Based on sequences provided for NS3 [AJ242652], Genospectra (Fremont, Calif., USA) designed and synthesized probes to these analytes (together with GAPDH). Cellular bDNA analysis is carried out essentially as described in the Genospectra protocol (details in Shyamala, V. et al, Anal Biochem, 266, 140-7 (1999)), wherein target specific capture extenders, label extenders and blocking probes are added to the capture plate after the addition of 5 or 10 μL cell lysate. After annealing overnight, during which the target RNA is captured to the plate via interaction with the capture extenders, the plate is washed, and then amplifier (which binds via the label extenders) and label probe are sequentially added. After subsequent addition of the chemilumigenic substrate (dioxetan), each plate is read by luminometer (Wallac 1420 Multilabel HTS Counter Victor 2). The luminescence signal is proportional to the amount of mRNA present in each lysate. In addition to the samples, cell lysate only (no probe) background controls are also included on each bDNA assay plate and the average signal from these control wells is subtracted from the sample reading prior to analysis. Percent of no drug control is determined for both the NS3 and GAPDH signals for each compound also. % Inhibition is determined for each compound concentration in relation to the no drug control to calculate the EC50.

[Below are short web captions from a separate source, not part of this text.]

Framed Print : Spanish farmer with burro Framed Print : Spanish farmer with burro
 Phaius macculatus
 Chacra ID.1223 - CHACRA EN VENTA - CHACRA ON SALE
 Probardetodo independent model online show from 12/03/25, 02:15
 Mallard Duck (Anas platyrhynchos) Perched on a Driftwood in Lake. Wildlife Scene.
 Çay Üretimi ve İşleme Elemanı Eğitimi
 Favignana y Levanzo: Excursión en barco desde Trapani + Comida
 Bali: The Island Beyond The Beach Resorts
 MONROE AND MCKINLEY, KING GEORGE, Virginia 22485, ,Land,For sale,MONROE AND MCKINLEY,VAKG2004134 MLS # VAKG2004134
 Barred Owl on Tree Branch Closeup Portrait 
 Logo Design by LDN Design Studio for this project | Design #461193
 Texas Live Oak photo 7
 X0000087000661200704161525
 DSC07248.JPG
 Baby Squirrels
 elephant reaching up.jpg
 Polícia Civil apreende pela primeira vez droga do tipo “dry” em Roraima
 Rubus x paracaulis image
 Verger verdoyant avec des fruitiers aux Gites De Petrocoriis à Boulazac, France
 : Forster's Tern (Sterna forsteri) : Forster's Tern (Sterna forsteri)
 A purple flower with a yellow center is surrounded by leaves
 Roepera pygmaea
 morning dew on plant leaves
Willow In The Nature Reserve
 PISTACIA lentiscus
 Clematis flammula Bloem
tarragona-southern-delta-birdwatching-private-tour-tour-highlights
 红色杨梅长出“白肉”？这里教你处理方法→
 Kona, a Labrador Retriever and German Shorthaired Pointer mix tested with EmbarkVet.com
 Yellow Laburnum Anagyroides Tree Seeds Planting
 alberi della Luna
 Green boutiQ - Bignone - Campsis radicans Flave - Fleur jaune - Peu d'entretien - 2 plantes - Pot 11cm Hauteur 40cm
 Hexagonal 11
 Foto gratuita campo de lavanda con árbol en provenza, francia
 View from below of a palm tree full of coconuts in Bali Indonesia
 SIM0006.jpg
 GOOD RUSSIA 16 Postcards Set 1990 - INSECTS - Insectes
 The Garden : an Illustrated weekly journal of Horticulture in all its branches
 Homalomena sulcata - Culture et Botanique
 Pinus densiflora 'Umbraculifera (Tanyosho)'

It is to be understood that the foregoing description is exemplary and explanatory in nature, and is intended to illustrate the invention and its preferred embodiments. Through routine experimentation, the artisan will recognize apparent modifications and variations that may be made without departing from the spirit of the invention.